YSlow's Tools tab has features similar to Page Speed's minifiers, as well as tools like JSLint that check JavaScript code for potential errors.
It's surprising that both of these tools are so text-heavy, with few graphic representations of the data being presented. One handy chart is YSlow's graph of the breakdown of which component types are taking up the most data on the pipe. Even then, it's frustrating that the colors are so indistinct.

GTmetrix
Page Speed and YSlow are fantastic tools, complementing each other rather than being in competition. Both are worth installing. For those who don't want to deal with browser plug-ins, however, a site called GTMetrix has you covered. When you submit your site to GTmetrix for analysis, it runs both Page Speed and YSlow and reports the results from each tool in different tabs on a single webpage.
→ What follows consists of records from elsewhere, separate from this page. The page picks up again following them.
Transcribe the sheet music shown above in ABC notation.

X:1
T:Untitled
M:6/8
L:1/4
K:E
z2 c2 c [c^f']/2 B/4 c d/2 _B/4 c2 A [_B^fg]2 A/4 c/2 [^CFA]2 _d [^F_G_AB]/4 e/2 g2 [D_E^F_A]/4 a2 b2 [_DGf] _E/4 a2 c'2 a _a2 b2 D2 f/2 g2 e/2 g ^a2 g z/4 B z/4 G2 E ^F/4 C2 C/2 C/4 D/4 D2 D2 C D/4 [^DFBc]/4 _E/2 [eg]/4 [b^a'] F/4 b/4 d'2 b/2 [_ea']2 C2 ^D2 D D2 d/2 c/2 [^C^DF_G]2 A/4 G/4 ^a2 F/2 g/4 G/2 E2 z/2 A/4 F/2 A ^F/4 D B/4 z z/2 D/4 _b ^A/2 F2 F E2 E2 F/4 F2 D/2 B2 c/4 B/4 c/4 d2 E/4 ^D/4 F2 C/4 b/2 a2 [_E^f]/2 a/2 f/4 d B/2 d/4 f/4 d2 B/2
Certainly the prettiest feature of GTmetrix is its timeline report. It looks like a big Gantt chart; but instead of tracking project tasks, GTmetrix shows how long individual components took to load. In this view, slow third-party components stick out like a sore thumb.

While GTmetrix combines the features of Page Speed and YSlow as well as adding its own, it's not perfect. It takes longer to analyze your pages than it does to do it in your browser, and since it's a service with a queue, you are at the mercy of how many people are using the site at the time. Also, GTmetrix won't work for websites not available publicly, such as a development website behind a corporate firewall.
Wrap-up
I discussed four ways of checking your web site's performance, but I only scratched the surface of what's available. Steve Souders, probably the biggest name in web speed analysis today, as well as the creator of YSlow, recently wrote a blog post listing about 40 different Web performance tools.
Dig in, play around, and find the tools that best serve your needs. Don't get discouraged by what you discover; not every site has the money of a Google or a Yahoo! to throw at speeding things up. Instead, see each data point as an opportunity to make your sites just a little bit faster.